====== Records supplied ======

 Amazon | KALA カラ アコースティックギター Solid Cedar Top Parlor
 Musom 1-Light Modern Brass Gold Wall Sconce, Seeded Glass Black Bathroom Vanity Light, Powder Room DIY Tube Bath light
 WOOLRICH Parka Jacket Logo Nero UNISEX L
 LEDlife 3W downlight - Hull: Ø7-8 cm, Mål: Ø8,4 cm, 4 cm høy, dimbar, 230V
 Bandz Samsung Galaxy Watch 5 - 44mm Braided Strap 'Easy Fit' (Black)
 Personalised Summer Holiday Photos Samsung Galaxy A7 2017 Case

======

* Exercise goal: Write down only the closing run of lines: the one containing "Bandz Samsung Galaxy" and every line after it to the end of the entries, exactly.

* Answer below:
 Bandz Samsung Galaxy Watch 5 - 44mm Braided Strap 'Easy Fit' (Black)
 Personalised Summer Holiday Photos Samsung Galaxy A7 2017 Case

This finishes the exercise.